Entre o universo dos portugueses eu não serei o mais creditado para falar sobre o nosso Marcelino da Mata (MM) – permitam que o trate assim.
Peço que essa falha seja relevada pela vossa caridade cristã e também pelo facto do meu atrevimento ser fundado em boa mente.
Só estive com MM duas vezes, a primeira foi num encontro de “malfeitores” ali para os lados de Samora Correia; a segunda foi no Porto, em que o agora homenageado foi convidado de honra num encontro patriótico de angariação de fundos para a construção de um monumento aos combatentes do Ultramar, na Invicta. Eu fui o orador no evento.
“Malheureusement”, como diriam os franceses, a segunda cidade do País continua a ser um dos poucos municípios portugueses onde está por edificar tal monumento…
De tudo isto decorre não poder afirmar conhecer MM como pessoa, tão pouco aquilo que ele pensa.
Mas sei, de ciência certa, que o Tenente Coronel do Exército Português, Marcelino da Mata, foi um extraordinário combatente, um guerreiro, na verdadeira acepção da palavra e que honrou, até hoje, a sua condição de português de lei.

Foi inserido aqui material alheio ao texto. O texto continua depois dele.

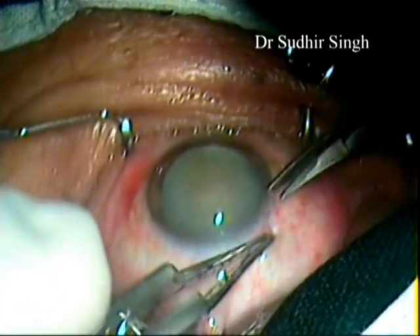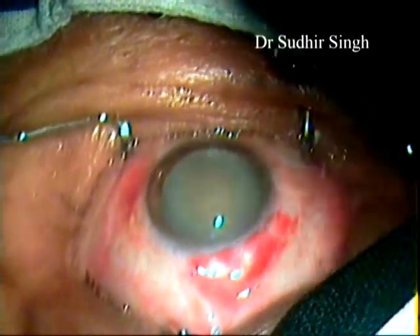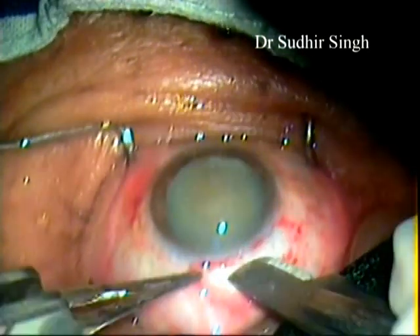A fornix-based conjunctival incision is made in the superior temporal quadrant. A light cautery is applied. A partial thickness groove of 5 mm length is made.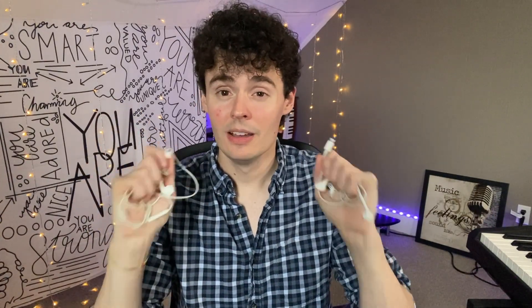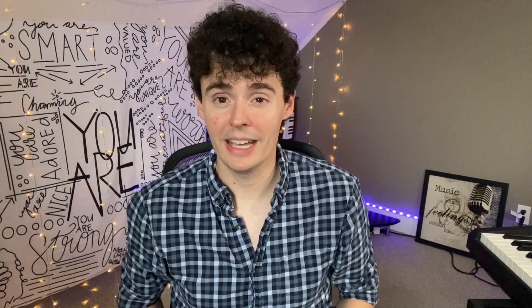So honestly, I'd pick either one. These are the Apple earbuds with a headphone jack and these are Apple earbuds with a lightning connector. Pick whichever one you would like, and I hope you enjoyed this video and I'll see you next time.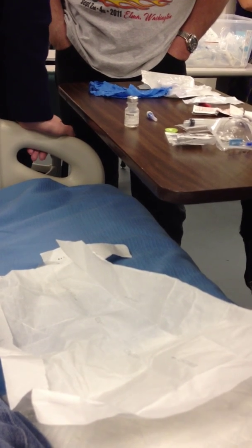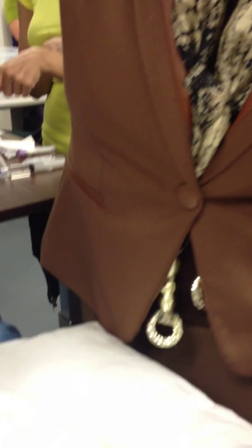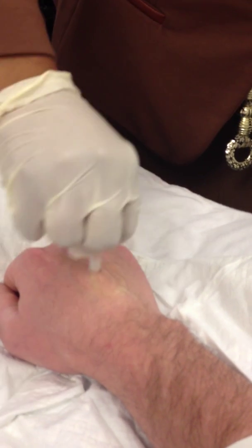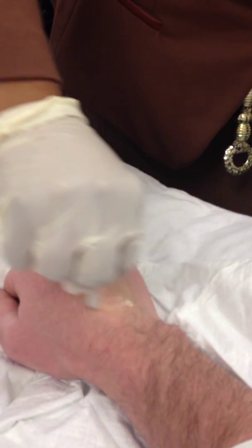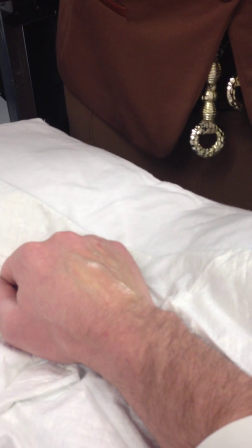I'm going to go ahead and clean my site before I put the tourniquet back on. So, I'm going to clean the site here. I'm going to wipe that dry and get our tourniquet back on.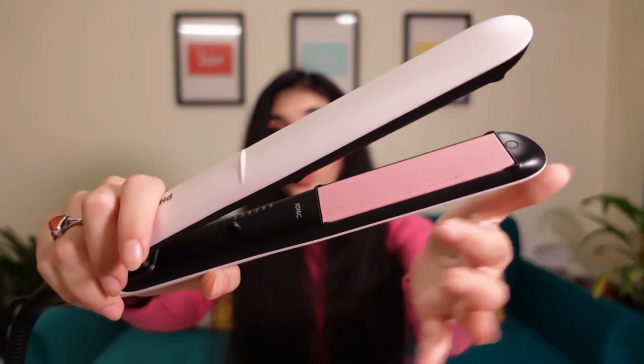My hair is looking really good and fine — it's frizz-free and giving out a bit of shine. The plates of this hair straightener are ionically charged and the heat is evenly distributed across the plates.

E não precisou para isso de possuir um alto grau de formação nem de nascer em berço de ouro.
É sobre tudo isto e o seu significado, que gostaria de dizer mais umas palavras.
O facto de estarmos a homenagear uma pessoa como MM – uma coisa que o Exército Português e outras “entidades” se têm esquecido injusta, mas muito convenientemente de fazer – é a prova provada de que as nossas últimas campanhas no Ultramar Português representaram uma guerra justa e que o grande projecto de expansão portuguesa, iniciado em 1340 e levado a cabo pela Ordem de Cristo, de inspiração Templária e sob a égide do Culto do Espírito Santo, estava certo e representou – e não deixou ainda de representar – uma das ideias mais grandiosas e esclarecidas que jamais ocorreram na Humanidade.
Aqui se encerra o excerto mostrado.